## [Work to be completed]
Please return only the lines from the one showing "Flood Coated Thermal" to the end of the entries, keeping both ends and dropping every picture.

Crawled caption data
--- --- ---
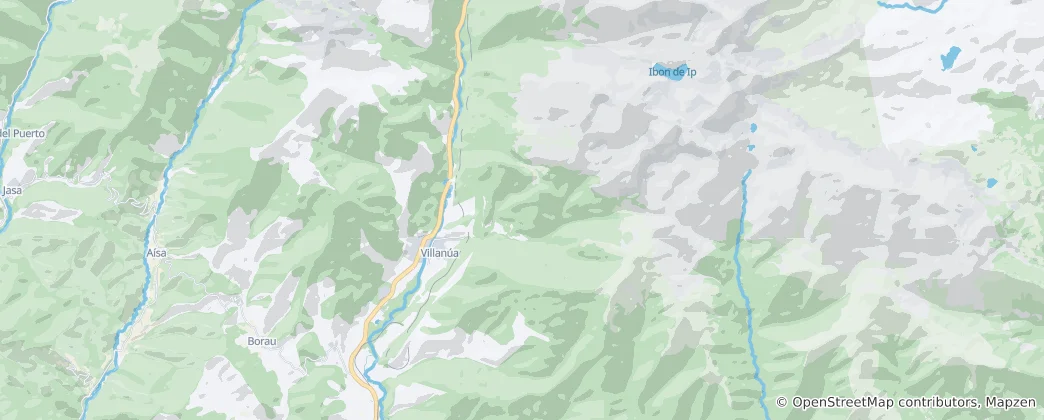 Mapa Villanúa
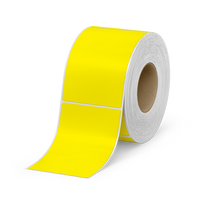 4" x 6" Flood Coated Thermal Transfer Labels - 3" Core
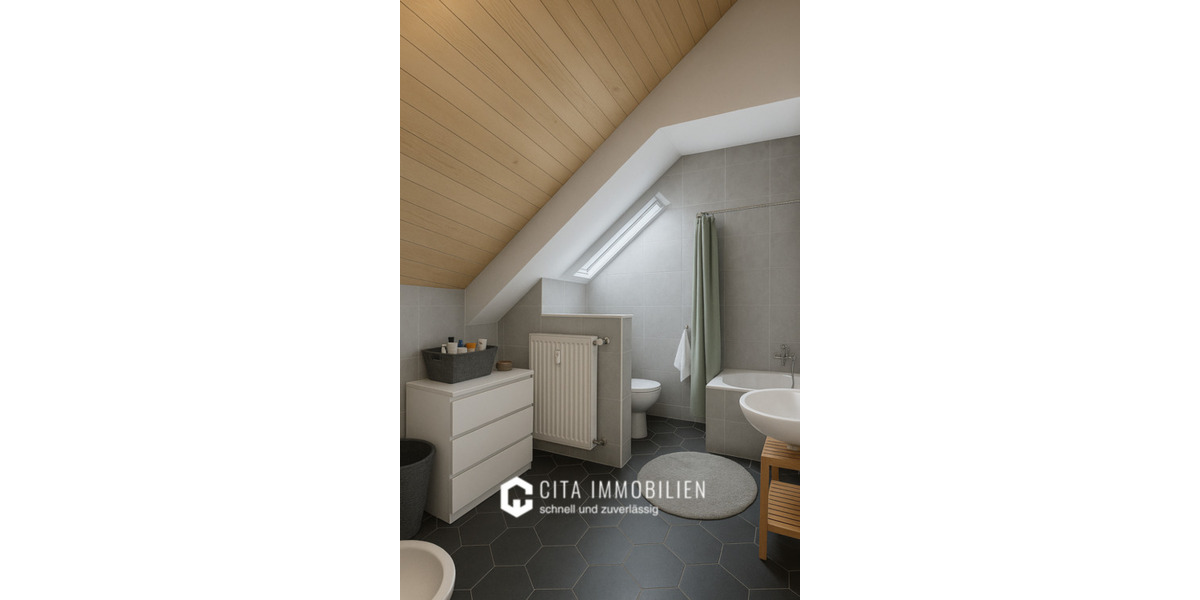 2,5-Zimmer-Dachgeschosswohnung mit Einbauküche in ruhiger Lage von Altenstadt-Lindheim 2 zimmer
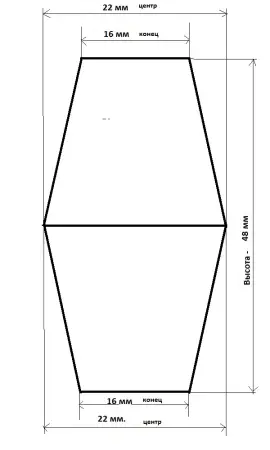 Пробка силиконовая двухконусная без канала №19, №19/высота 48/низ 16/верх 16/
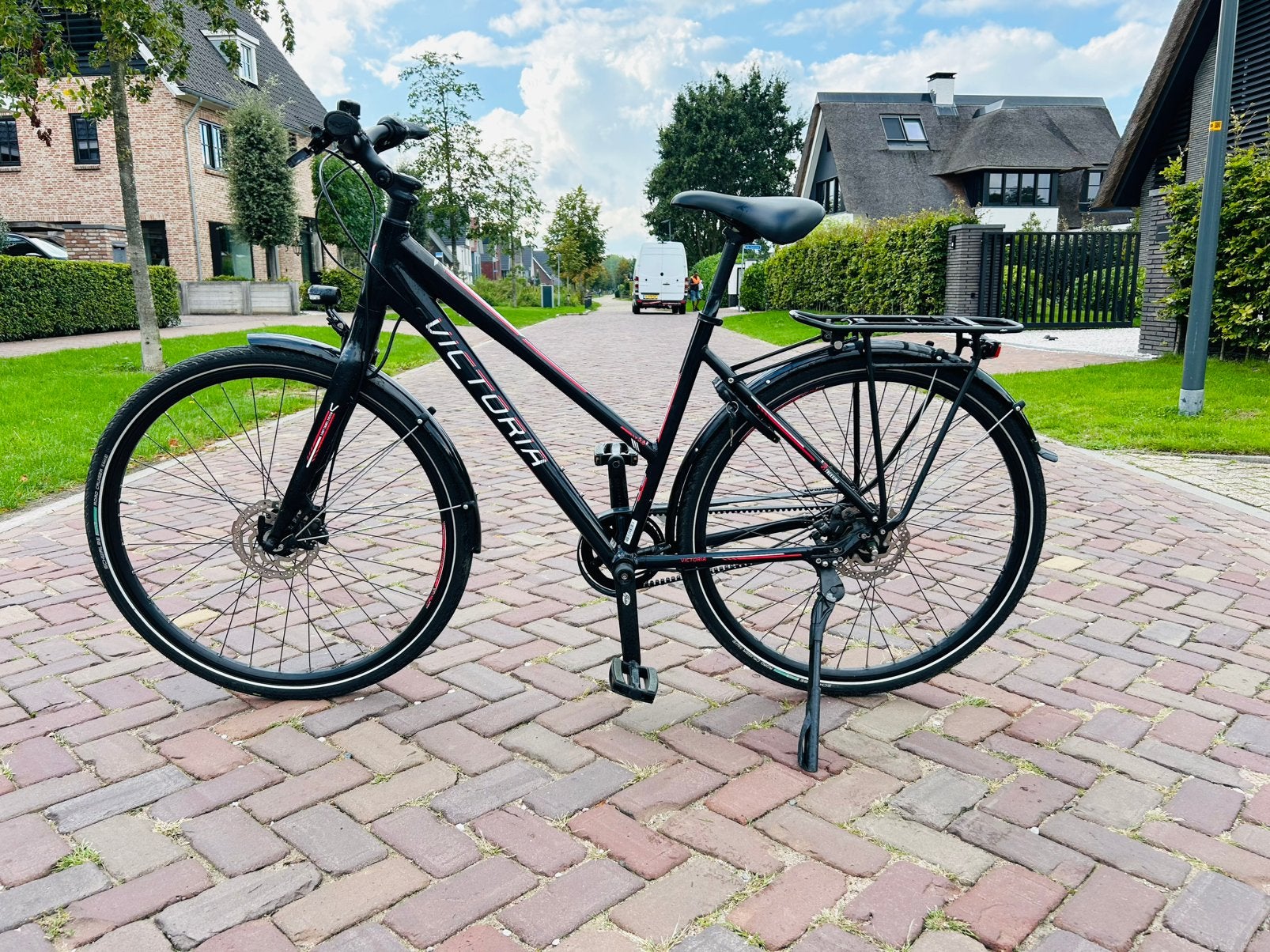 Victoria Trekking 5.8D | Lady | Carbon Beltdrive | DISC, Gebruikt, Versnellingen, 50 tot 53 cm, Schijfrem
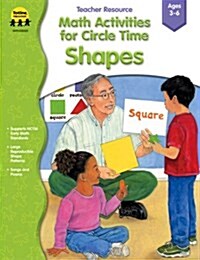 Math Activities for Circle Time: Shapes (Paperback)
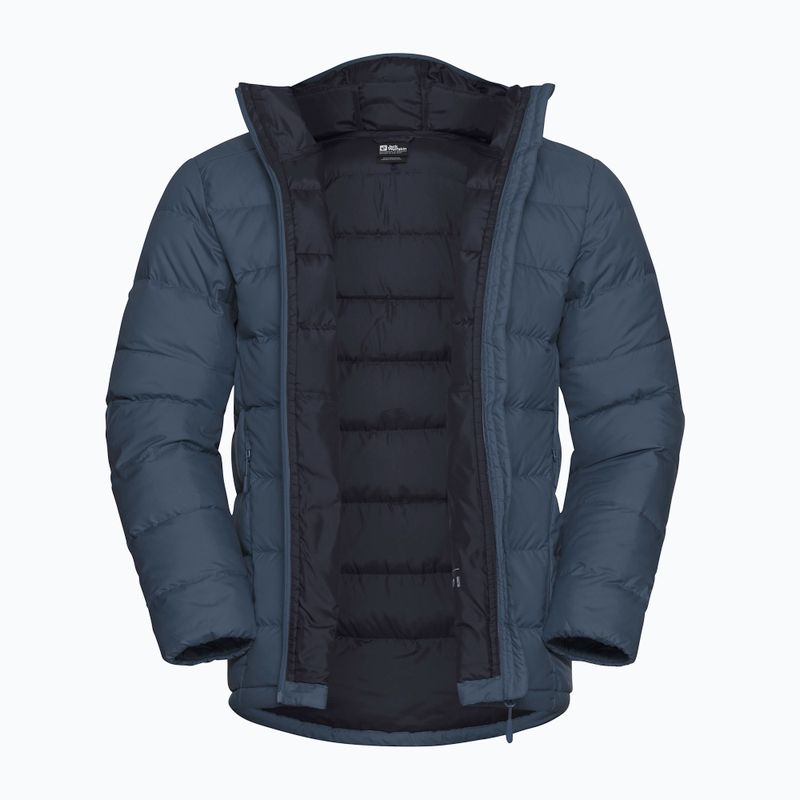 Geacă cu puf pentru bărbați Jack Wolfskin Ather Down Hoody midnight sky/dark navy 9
--- --- ---
## [Solution for this task]
 4" x 6" Flood Coated Thermal Transfer Labels - 3" Core
 2,5-Zimmer-Dachgeschosswohnung mit Einbauküche in ruhiger Lage von Altenstadt-Lindheim 2 zimmer
 Пробка силиконовая двухконусная без канала №19, №19/высота 48/низ 16/верх 16/
 Victoria Trekking 5.8D | Lady | Carbon Beltdrive | DISC, Gebruikt, Versnellingen, 50 tot 53 cm, Schijfrem
 Math Activities for Circle Time: Shapes (Paperback)
 Geacă cu puf pentru bărbați Jack Wolfskin Ather Down Hoody midnight sky/dark navy 9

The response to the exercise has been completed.